Whilst such a strategy of what could be called “philosophy against the odds” is valuable, it is not however a view of educational “action” that I can or will ever hold as an educationist. I cannot recommend it without some reservations as educationally a contribution. I fear Nick would rather like that statement. The issue I take with it is two-fold. On the one hand “thinking and being” (see part I) is not enough as action if it stands alone without suggestions for ways forward. Practical action is necessarily also part of the matter. Whilst that might not be part of the discussion explicitly, it needs to be implicitly available within the discussion in my view. I think Nick’s stance of astonishment at the educational Goliath lacks this active principle. On the other side there is a conflation of the school with education and vice versa which I consider requires clarification in light of what we bring to the fore: namely educational alternatives to the school as governmentality.

Nick’s idea is that we need to question education for its pervasive governmental power: marvel at the machinery and all it implies in its becoming. He seems to me to stop there; wondering at what it has become with an astonished pointed finger. Is he refusing to offer transcendent models or pathways forward to a better place? He is certainly heroically against improvement because he staunchly believes that the school to come… is without figuration. But does this mean that ways forward are disfigured?

My contention is that being against improvement—it has become ontologically sickening as an educational meme—is brilliant. The trouble is that such brilliance stops also change. It is just thought without educational practices and changes that come from thought. The status quo then suffers from the possibility that it languishes, lacking leadership and imaginative solutions to be experienced in real life. But actioned change of an experienced kind in education, before people die and we mourn them or we ourselves are those who die first; whilst ideas and people are still alive, is most needed.

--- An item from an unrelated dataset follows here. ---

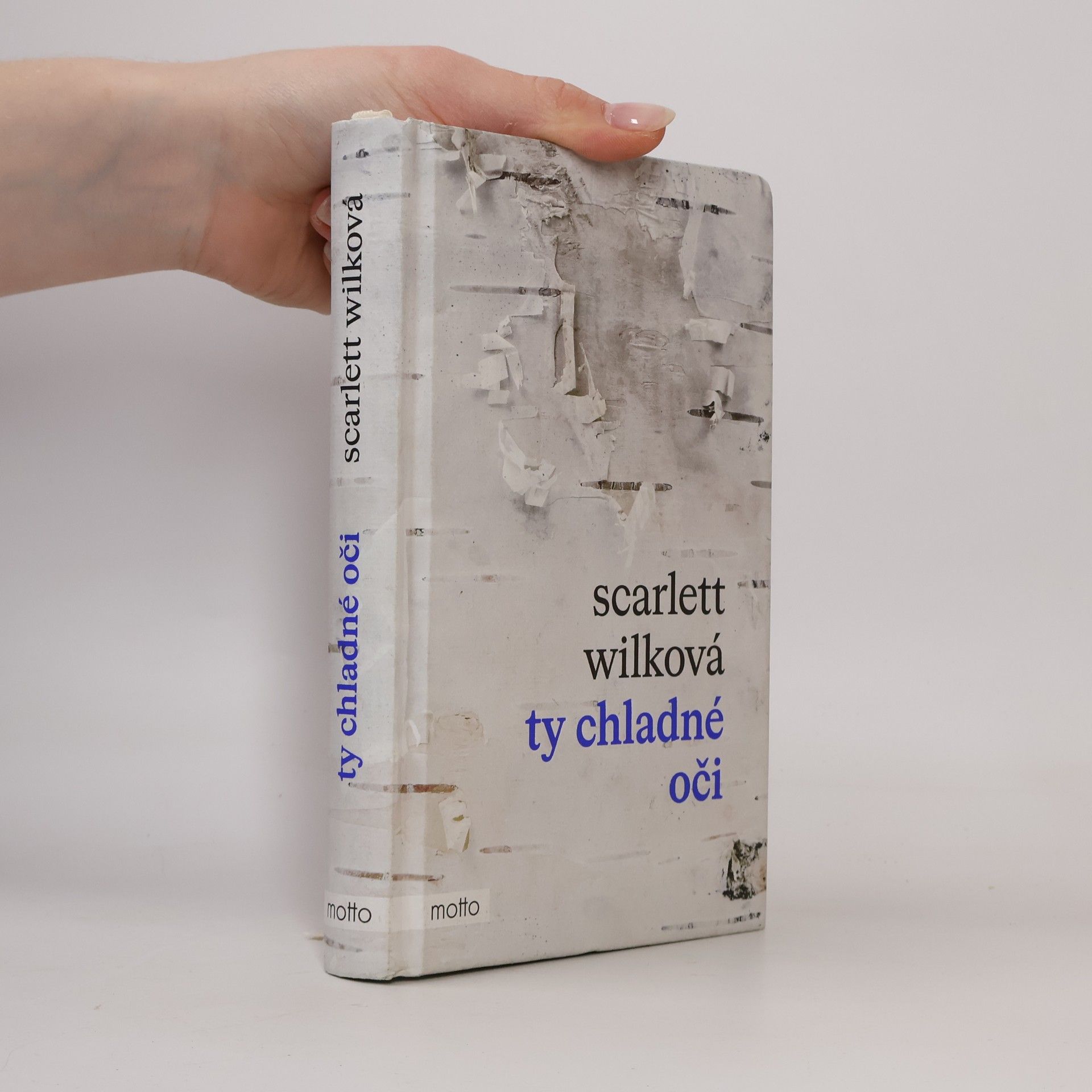 Scarlett Wilková Ty chladné oči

I appreciate that “Today transforming the world is not enough. It will happen no matter what” (Baudrillard 2010, p. 79). This is true according to a certain enlightened consciousness whose voice suggests we need not interfere and, indeed, such a stance has much to offer (Bongers 2008). But, it is also true that “What we urgently need today is to interpret this transformation—so that the world does not do it without us, and ends up being a world without us” (Baudrillard 2010, p. 79). A work of interpretation needs a flawed human ego; a stuck-to-the earth person, thinking and believing in change of which they themselves can and are a practical actioned part. Energy sharing. To my mind robbing education of these active egos and their drives for the sake of a thought-full “principle of reversion” (see above, Baudrillard 2010, p. 55) is to stall it and to therefore drain it of energy and contributions. Yet, of course, those who seek to be in the world, belonging to it and a part of its development must take care in their forward motion—especially when it comes to something as astonishingly powerful as education in action.

As we say together below in part III, we must hope that any educational movement takes “great care.” Perhaps that then is closer to Nick’s core meaning: that we must step gently and quietly. If so, this sums up everything that is needed in a way forward. It is not the hands-off, give-up mentality I must, as an educationalist with a vocation for the existential care of children and the world, dismiss. But it is subtle and that is possibly something we need to attend to as a new educational approach.

If Nick is, however, advocating a hands-off approach of thought and being alone and no action for change, he will find nothing and be empty handed. Solutions to seemingly intractable problems, embodied in an idea of the school and education as ontological and epistemological frame for Being, are for the seeking and they are to be found and acted upon. This is not a plain act of “transformation” but an accompanied act; a voluntary, motivated, willed, ontological imperative for interpretation. Finding is owning the world. Acting is being of the world. For most of us this is an important part of our lived journey. Whilst anything can, frankly, be found, made up, offered meaning, imposed, what changes from mere transformation into interpretation whereby we exist without a world transforming without us, is found in choosing. Through deliberative choosing a lack of imposition that improvement infers emerges and it is not a hands-off approach. All the papers featured in this special issue suggest work and involvement in something communal, even if that work is denial or refusal.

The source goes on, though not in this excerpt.